_What the task requires_
Nothing but the images should be left out when the entries are restated word for word.

***

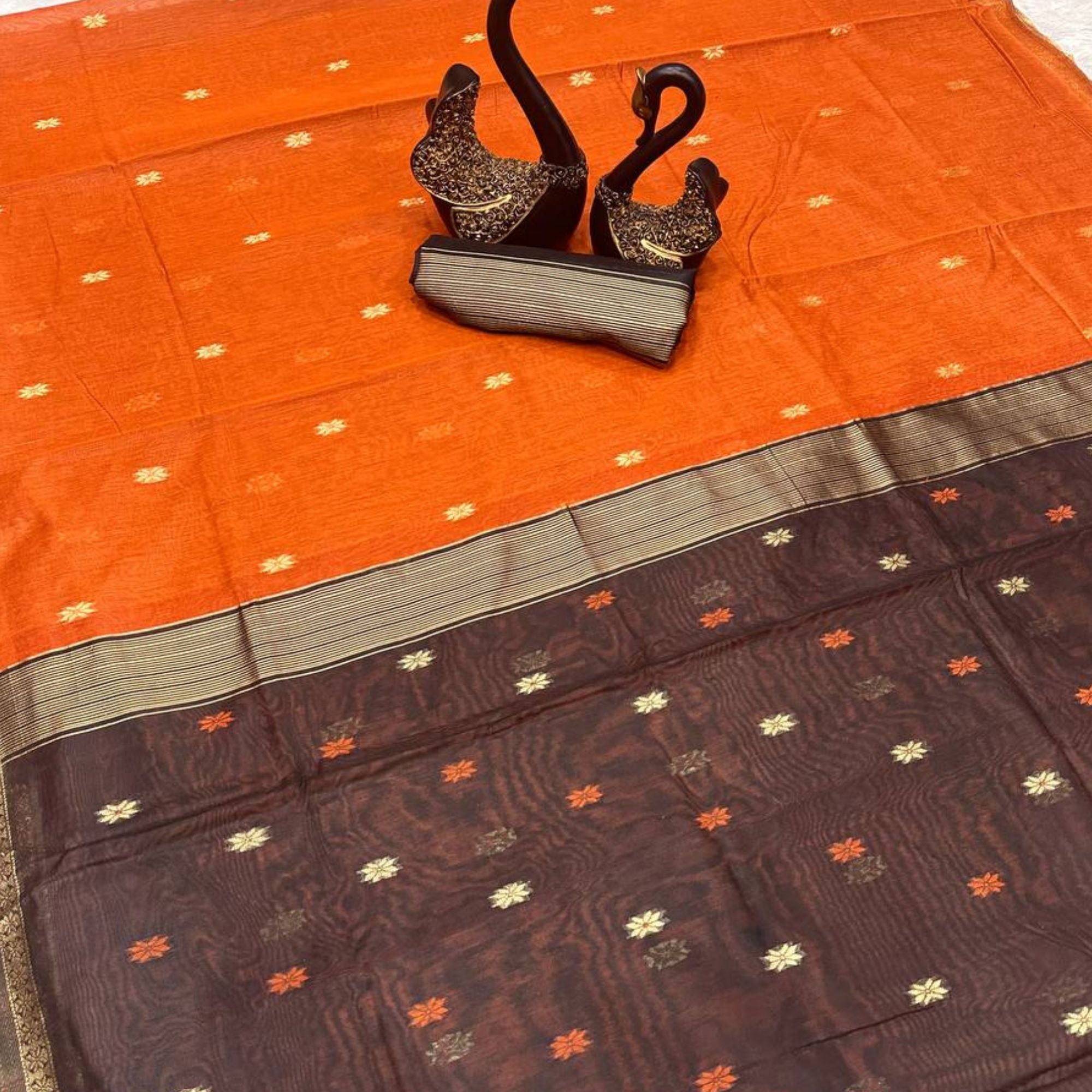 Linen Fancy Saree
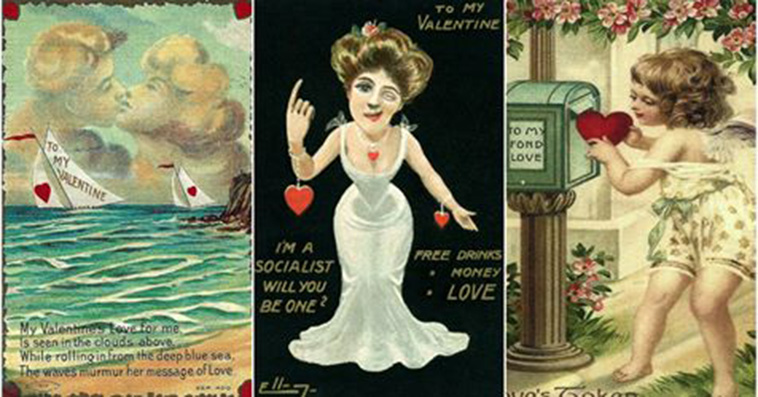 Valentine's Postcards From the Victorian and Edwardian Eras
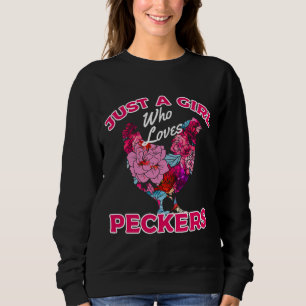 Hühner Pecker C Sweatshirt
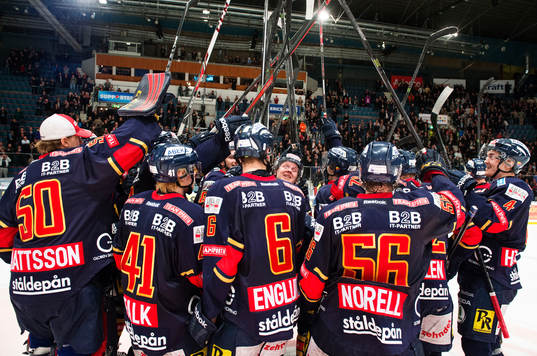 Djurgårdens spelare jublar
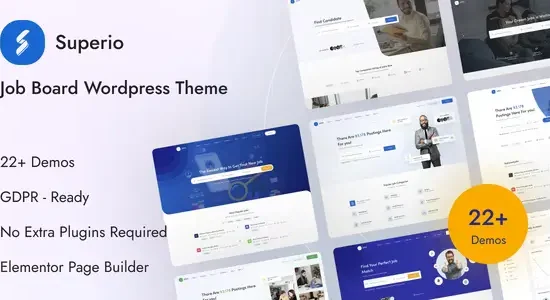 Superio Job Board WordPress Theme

***

_Response area_
 Linen Fancy Saree
 Valentine's Postcards From the Victorian and Edwardian Eras
 Hühner Pecker C Sweatshirt
 Djurgårdens spelare jublar
 Superio Job Board WordPress Theme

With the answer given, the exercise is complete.